Ressam Esra Sönmez, alışılmışın dışında bir teknikle ortaya koyduğu eserleriyle büyük beğeni topluyor. Sönmez, çalışmalarında sadece boyayı değil, kahveyi de kullanıyor. Nasıl ki bir fincan kahvenin kırk yıl hatırı varsa, onun kahveyle çizdiği tablolar da bir o kadar kıymetli ve anlam yüklü.
Sanatçının dikkat çeken çalışmaları, sadece estetik bir görsellik sunmakla kalmıyor, aynı zamanda derin bir toplumsal hafızaya da işaret ediyor. 6 Şubat 2023’te meydana gelen ve “asrın felaketi” olarak adlandırılan depremin ardından yıkılan Antakya kapıları, Sönmez’in tuvallerinde yeniden hayat buluyor.

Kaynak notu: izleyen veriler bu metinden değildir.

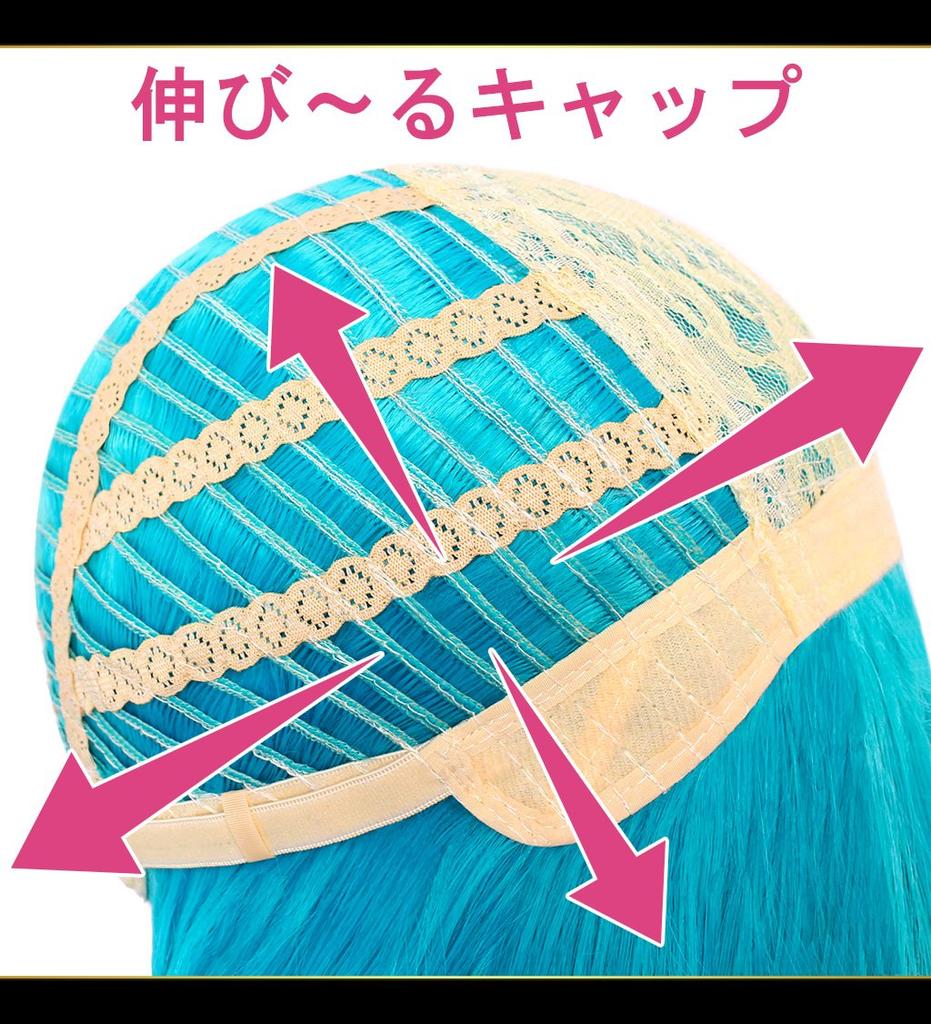 Парик для косплея CaseEden, который кукла влюбляется в Love Kitagawa Umi Marin, золотой, розовый, градуированный, белый, Mercier, набор из 2 париков, нарядов, нарядов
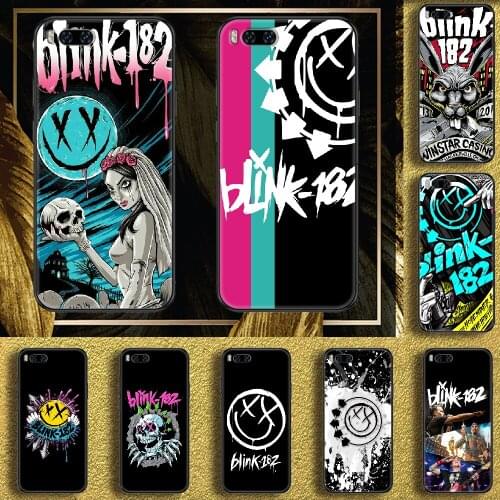 Punk Rock Band Blink Phone case For Xiaomi Mi Max Note 3 A2 A3 8 9 9T 10 Lite Pro Ultra black trend funda fashion cover tpu Etui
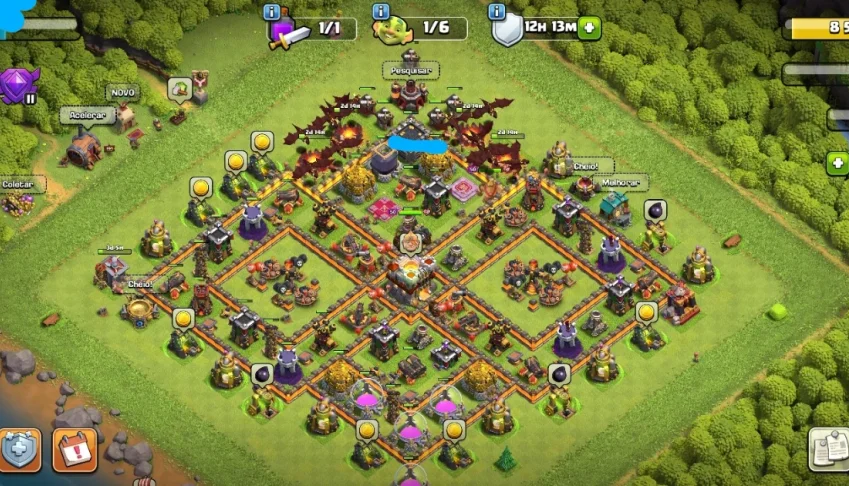 Conta clash of clans full cv10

Sönmez, özel bir teknikle yaptığı bu eserlerde kahveyi boya olarak kullanırken, aynı zamanda geçmişe, yuvaya, kayıplara ve dayanıklılığa dair izler de sürüyor. Sanatçı, “Antakya’nın taş kapılarında yankılanan sessizliğe ses olmak için resmediyorum” diyerek çalışmalarının amacını şöyle anlatıyor:“Sanatım, sadece bir estetik arayış değil; yuvaya, geçmişe, kayıplara ve dayanıklılığa uzanan bir hafıza çalışmasıdır. Antakya’nın taş evlerinin kapıları, artık ardında bir yaşam barındırmayan o yapılar, benim tuvallerimde yeniden hayat bulur. Depremle yitirdiğimiz yaşamların ve yok olan tarihi dokunun izlerini, bana ait olan karışık teknikle işlerim. Her fırça darbesiyle o taşların soğukluğunu değil, içlerinde barınan sıcak hikâyeleri anlatırım. Çünkü bu kapılar yalnızca bir geçiş değil; ardında çocukların oynadığı avlular, kahve kokan sabahlar, duvarlardaki gölgeler, anılarla dolu bir zamanın tanığıdır.”
Ressam Esra Sönmez’in eserlerinde yalnızca taş kapılar değil, bir halkın belleği, direnci ve kayıpları da saklı. Yıkılan evlerin geride kalan kapıları, onun sanatında ayakta kalan hafızalar olarak yeniden anlam kazanıyor. Eski dokulara hayat veren bu tablolar, izleyiciyi hem görsel hem duygusal bir yolculuğa çıkarıyor.